Pour autant, le pic mondial des émissions de CO2 liées à l'énergie arriverait en 2025, selon l’Agence internationale de l’énergie (AIE). Dans son dernier rapport annuel – le World Energy Outlook 2023 –, elle projette même que la demande en énergies fossiles (pétrole, gaz, charbon) atteindra un sommet absolu avant 2030. Une annonce pour le moins inédite, qui constitue des éléments de rupture sur trois aspects : le volet demande, la précocité et la simultanéité des trois sources d’énergie considérées.

Parmi les grands émetteurs historiques de CO2, certains ont commencé à agir. Une partie d’entre eux affiche des résultats relativement satisfaisants du strict point de vue des émissions de CO2. Mais les dynamiques économiques évoluent rapidement. Les pays dits « émergents » prennent le relais en matière de contribution au réchauffement, et tout cela crée des dissonances temporelles qui interrogent notre capacité collective à surmonter ce grand défi pour l’humanité.

Pour entreprendre une véritable transition énergétique à l’échelle mondiale, d’importants progrès sont réalisés pour transformer des sources renouvelables en vecteurs énergétiques notamment. Mais pour l’heure, on constate surtout une accumulation d'énergies, car il n’y a pas de transition sans substitution, donc sans baisse conséquente des ressources fossiles utilisées. L’impératif climatique brusque nécessairement tout un secteur économique appelé à disparaître, et les industriels se retrouvent confrontés à de véritables enjeux de mobilité professionnelle au sein de leurs organisations.

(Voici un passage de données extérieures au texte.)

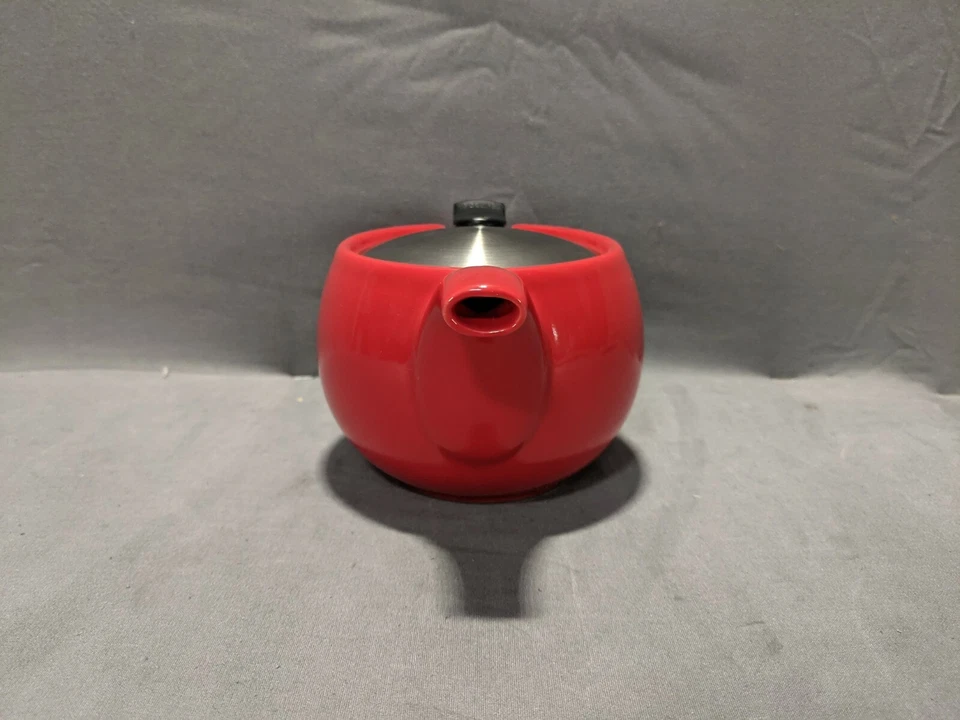 Tetera ForLife 18 OZ cubierta metálica cerámica roja excelente estado usada Foto 2 de 4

Pour prendre toute la mesure des projections de l’AIE au sujet de la demande en énergies fossiles, soulever leurs implications et esquisser les contours d’une nouvelle géopolitique de l’énergie dans un contexte de transition, nous avons interrogé Patrick Schembri, maître de conférences en sciences économiques à l’Institut de l’Energie Soutenable (Université Paris-Saclay).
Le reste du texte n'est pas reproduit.